Hch 2,1-13. Para los judíos, Pentecostés era la fiesta que conmemoraba la alianza del Sinaí (Ley), y se celebraba siete semanas después de la Pascua. Para nosotros los cristianos, con la presencia intima del Espíritu de Dios en cada uno, Pentecostés es la acción que nos transforma y que nos permite comprender profundamente la voluntad de Dios.
El regalo del Espíritu es para todos los que creen en Jesús, no sólo para los discípulos. Es el dinamismo vivo de la misión de Jesús que, después de Él, continúa a través de todos los que se han comprometido con su proyecto.
La narración dice que todos comprendieron, aunque hablaban diversas lenguas y tenían diferentes culturas: “les oímos proclamar en nuestras lenguas las maravillas de Dios”, significando que el cristianismo nació en una cultura específica, pero el proyecto de Dios, realizado por Jesús, no es para un grupo cultural sino para toda la humanidad.
En el texto se habla de estruendo, viento y fuego, tres elementos que si bien se consideran manifestaciones del Espíritu de Dios, los cristianos debemos aprender a discernir con claridad y coherencia y significan que Dios está actuando, que es un don.

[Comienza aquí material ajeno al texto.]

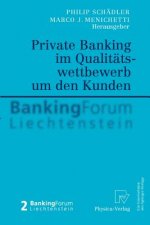 Private Banking Im Qualitatswettbewerb Um Den Kunden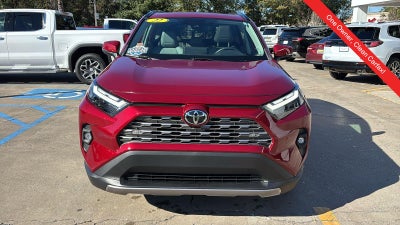 2022 Toyota RAV4 Limited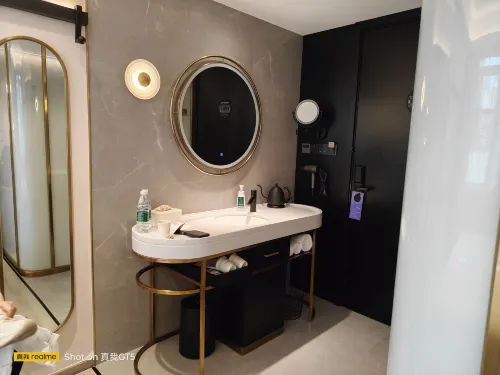 Atour X Hotel,Siyou New Road, Zhujiang New Town, Guangzhou Rooms Photos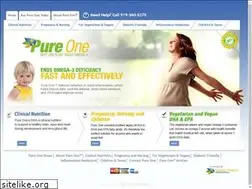 Sites similar to pureone-dha.com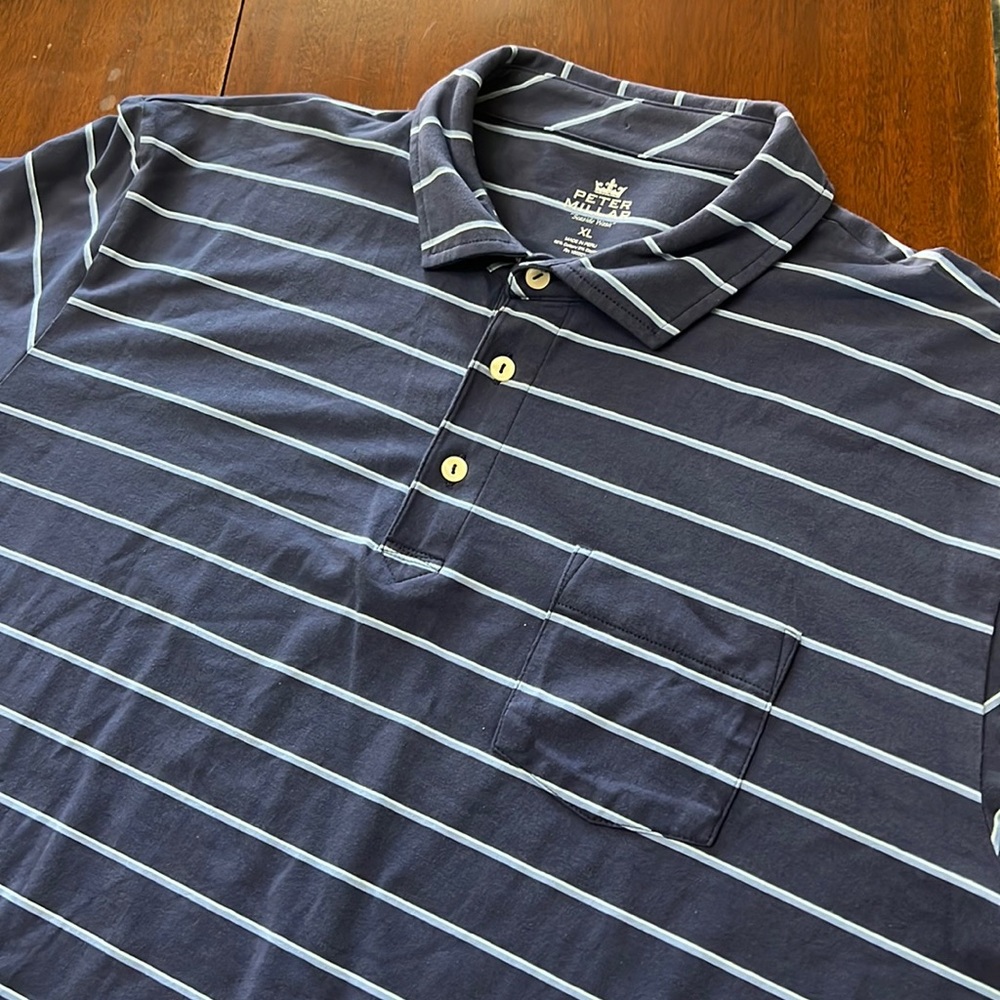 Peter Millar Seaside Polo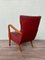Italienischer Vintage Stuhl, 1950er 3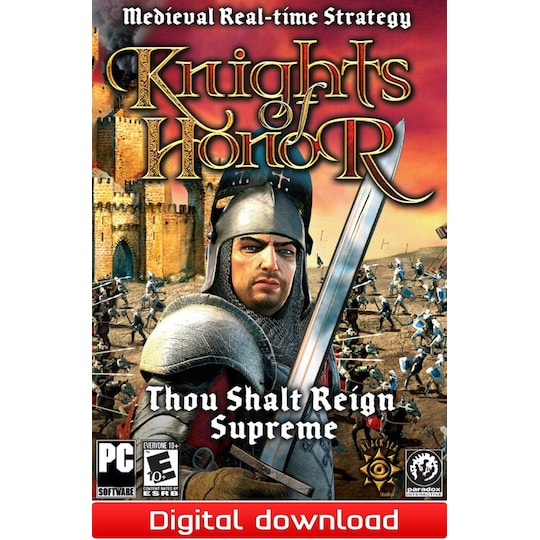 Knights of Honor - PC Windows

Hubo lenguas de fuego sobre cada uno. Es la manifestación simbólica del Espíritu a través del medio por el que nos comunicamos. Las experiencias de Dios nos imponen comunicar la buena noticia del Evangelio, que transforma y hace surgir la fraternidad y el compartir, proporcionando libertad y vida para todos.
Según Lucas, en Jerusalén se encontraban personas de las naciones de todo el mundo; era la “oikumene”, de donde proviene nuestra palabra “ecumenismo”. Esto quiere decir que el Evangelio, la Buena Nueva, es para todo el mundo y en toda época y lugar.